In How Infrastructure Works, Prof. Deb Chachra points out that overlapping systems make it possible to keep things going when one system goes out. A good example: In the Loma Prieta earthquake of 1989, the Bay Bridge between San Francisco and Oakland went down. But BART (after a systems check) and the ferries continued to run, and there were other bridges if you went the long way around.
In the early days of the pandemic, we saw the failure of “just in time” supply chains. Having things stockpiled in a warehouse may seem inefficient, but it sure comes in handy when there’s a breakdown.
Maybe what the world needs now is a lot more redundancy and inefficiency. With some workarounds available, just to be on the safe side.
Great tip to save documents as rtf! I can’t open documents I made in some of the older MS Word versions. I
I discovered this out of necessity way back in the day when I was using something besides Word as a word processor and was just starting to submit things electronically and also sometimes working on them on my work computer (which did have Word).
I have discovered that I can only look at my medical insurer’s Explanation of Benefits statements in Chrome.
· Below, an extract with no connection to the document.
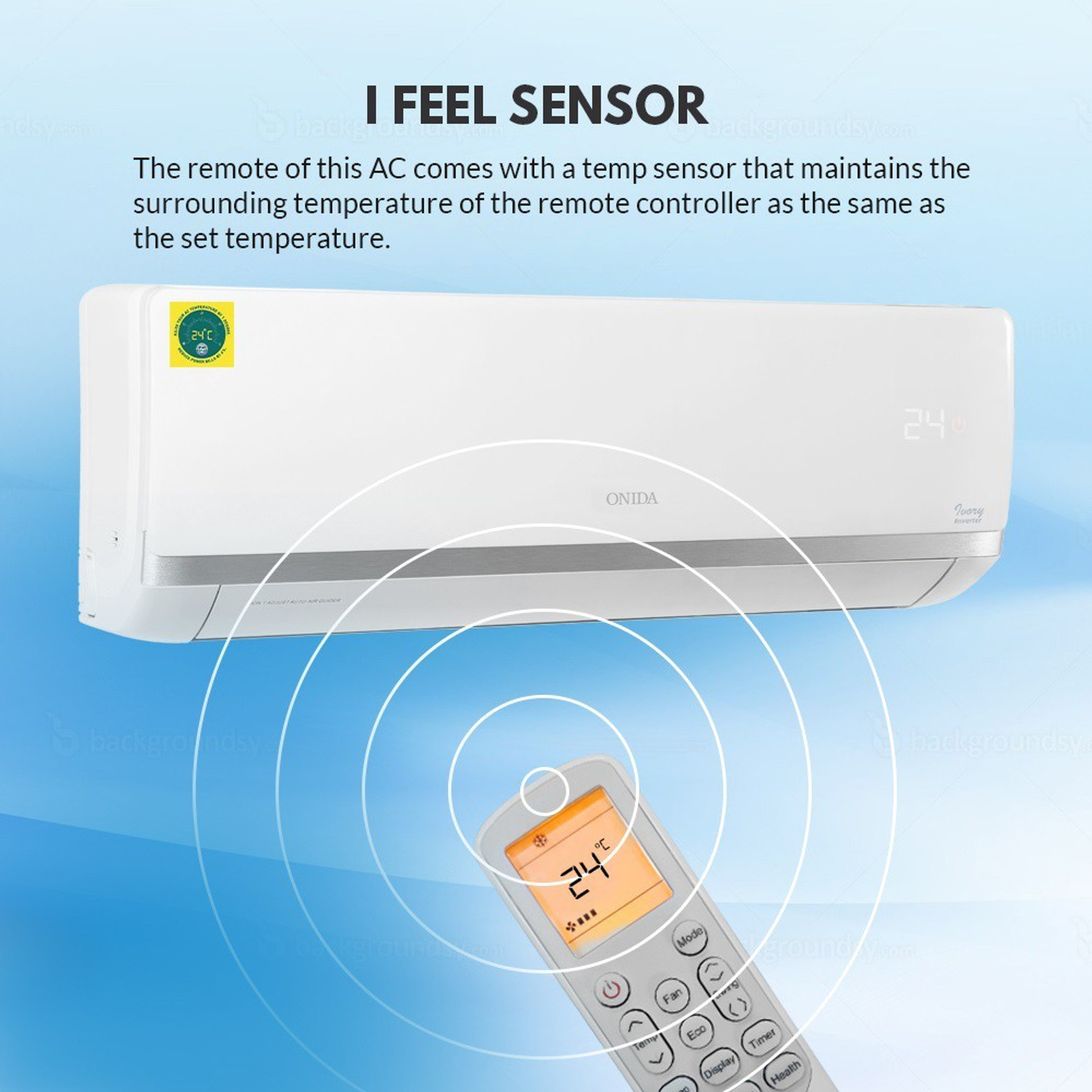 Image of ONIDA 1.5 Ton 3 Star Split Inverter AC - White (IR183IVR, Copper Condenser)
I loathe Chrome, and swore when I retired I would never use it again, and yet, here I am. If I want to know why they didn’t cover $38 of a much larger medical bill, I need to keep Chrome on my desktop. It’s a plot.
It probably is a plot. I’m pretty sure that such things are deliberate and for reasons that are not good for the likes of you and me.
But the good news is you don’t have to use Chrome for anything else.
Wonderful essay, as always. I might add that an extra hard drive is a great idea. And now I have a new vocabulary word – rtf!